Peut-être n’avons-nous encore rien vu… peut-être n’est-ce là qu’une mise en bouche et que le plat de résistance que nous préparent les avant-gardes de Big Brother, sera bien autrement lourd à digérer !
Logo québécois
Le lavage de cerveau, c’est vieux comme le monde ; mais le matraquage médiatique aidant ça devient carrément redoutable ! Assénés en boucle par les désinformations continues que nous déversent les ondes, les mots d’ordre des bateleurs de foire n’en finissent pas d’abêtir le si vulnérable troupeau qui en redemande et redemande encore tant il a peur du loup…

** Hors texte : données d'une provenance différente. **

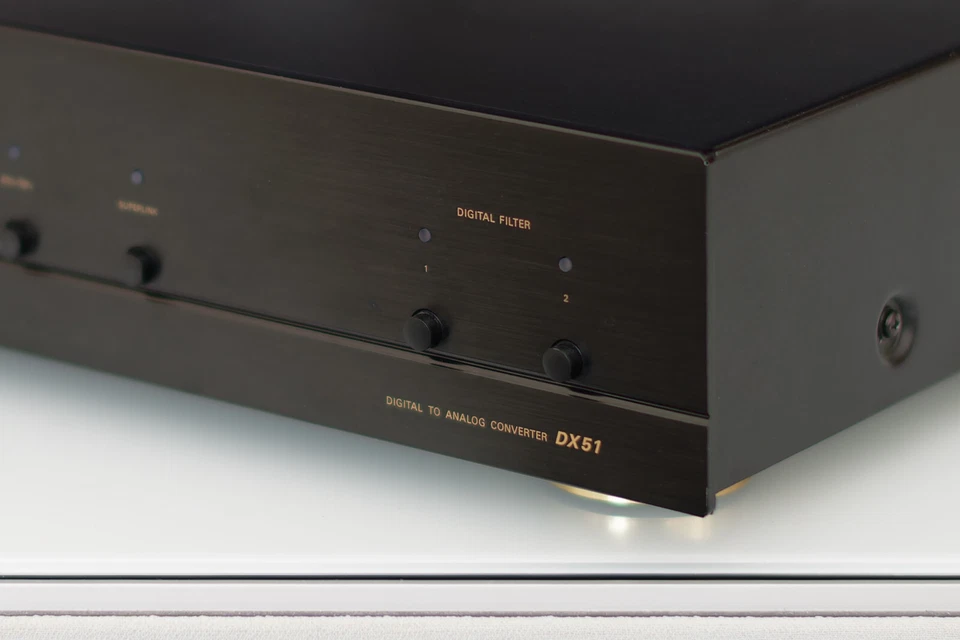 C.E.C. DX51 mk1 4 x PCM1702 - SM5843AS1 - CS8412-CS DAC Converter - Image 2 of 4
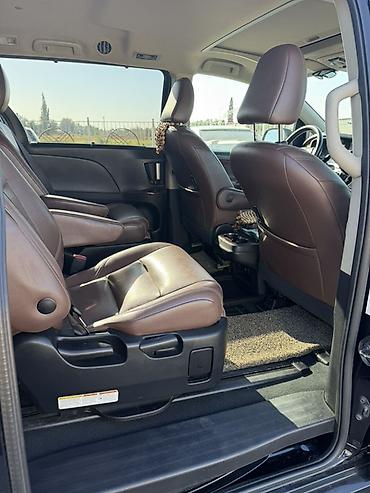 минивэн 4wd: Toyota Sienna: 2019 г., 3.5 л, Автомат, Бензин, Минивэн — 10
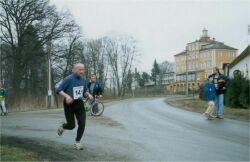 Pavel Pernica, nejstarší člen našeho družstva, na trati prvního závodu Chlapáckého běhu (březen 2001)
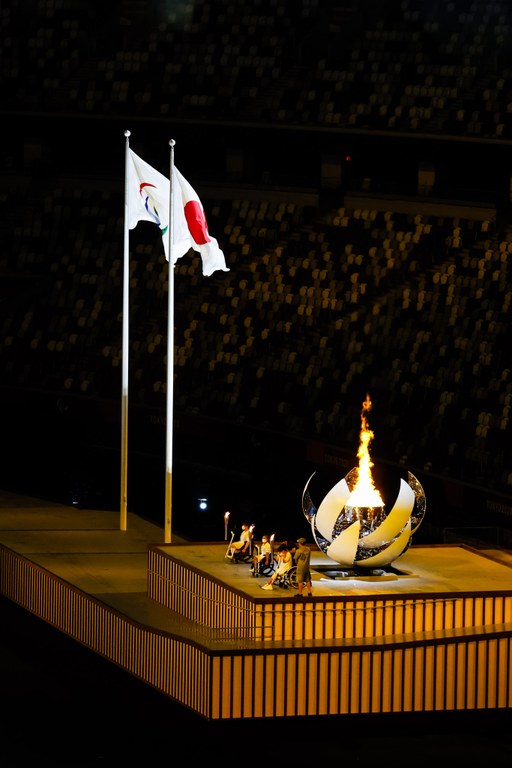 Pebetero de los JJPP de Tokio ya encendido con los tres últimos atletas japonenes encargados de portar la llama paralímpica.
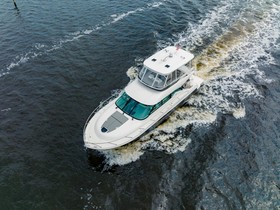 Osta 2021 Tiara Yachts 53 Flybridge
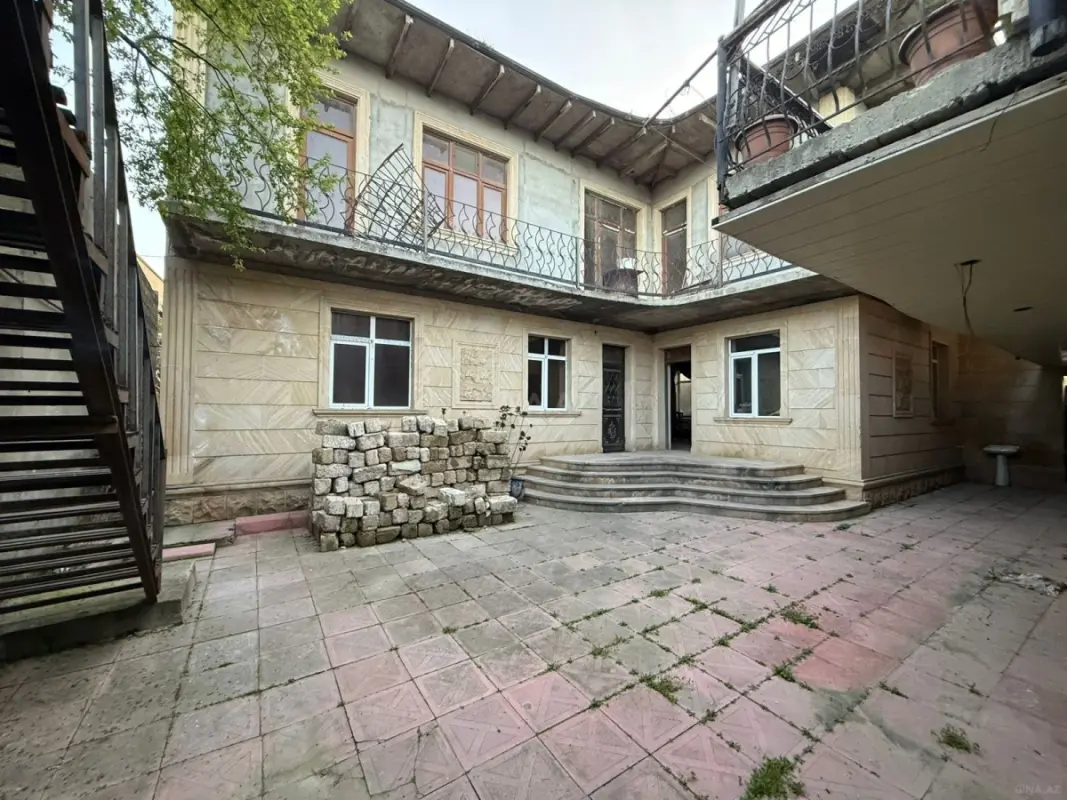 Satılır 7 otaqlı həyət evi 350 m²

Car enfin, c’est bien de peur qu’il s’agit, d’une peur noire, et la peur entretenue, celle qui remonte du fond des âges, quotidiennement arrosée, est une arme redoutable surtout quand on a désappris qu’un jour ou l’autre il nous faudrait mourir. Cette peur, qui voit dans l’altérité la menace, est de taille à monter les gens les uns contre les autres : tel porte le masque, tel autre le refuse, apparaissant dès lors comme un criminel en puissance aux yeux du premier qui rumine à son endroit des pensées assassines. Le gouvernement, évidemment, saisit l’aubaine entre autre, de détourner l’opprobre dont ne manquerait pas de l’accabler une opinion demeurée libre d’actes et de pensées. Dès lors, diviser l’opinion sur des croyances, des rumeurs, des vérités invérifiables permet au système de se refaire à bon compte une santé et de rebondir en assénant l’injure réitérée de « complotistes » à tous ceux qui, chercheurs de vérité ou sceptiques, doutent un tant soit peu de la doxa officielle …

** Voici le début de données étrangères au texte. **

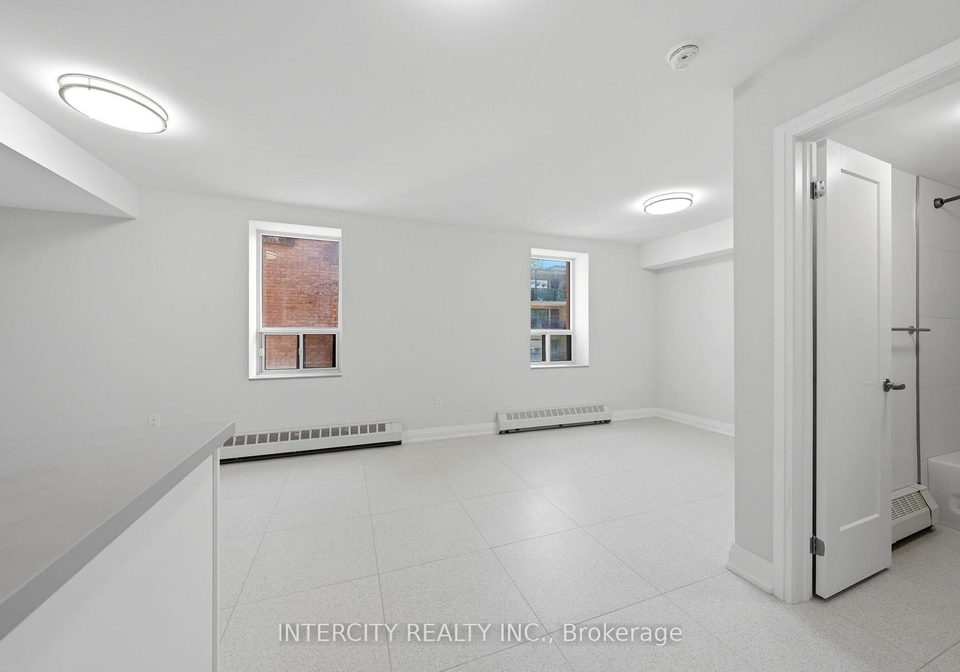 91-wentworth-street-s-hamilton-ontario-x13697836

On voit par là comment, passé maître en procédé d’inversion accusatoire, le pouvoir se protège d’avance de toute critique susceptible de remettre en cause sa légitimité et son aptitude à conduire la nation. Car c’est bien lui, à y regarder de près, le complotiste ou comploteur en vérité et ses comparses du nouvel ordre mondial, qui brouillent les pistes, mélangent tout, informent, désinforment, déforment à dessein, faisant en sorte que les citoyens, perdant leurs billes, marchent à l’aveugle de vérités en contre vérités d’informations la plupart du temps invérifiables. Dès lors, comment s’étonner qu’un certain nombre d’entre eux ne voient en tout et partout que complots ? Qui voudrait les y pousser ne ferait pas mieux !
Pierre Bruegel Parabole des Aveugles
Et d’ailleurs qu’est ce qu’un complot sinon une « résolution concertée secrètement et pour un but le plus souvent coupable. » ? C’est Littré qui le dit, qui ne se trompe jamais comme le notait Céline. Considérant les faits et méfaits de nos gouvernants qui s’abritent derrières des lois iniques votées à la sauvette, et plus largement des gouvernants de nos voisins, on voit combien cette définition s’applique sans faux plis à leur conduite. Les grands dévoreurs de libertés publiques, toujours plus gloutonnement prédateurs, qui pondent quasi journellement les lois liberticides à seules fins de museler la dissidence sont autant de pantins articulés à distance par les néoconservateurs de l’ordre mondial.
(CP, Focusnatura)
Lissés comme des polynômes, visqueux comme des stylommatophores et sans épaisseur, ils sont difficiles à saisir par quelque bout qu’on les prenne et d’autant plus qu’ils se cramponnent à leurs sièges comme les poux sur la tête d’un galeux.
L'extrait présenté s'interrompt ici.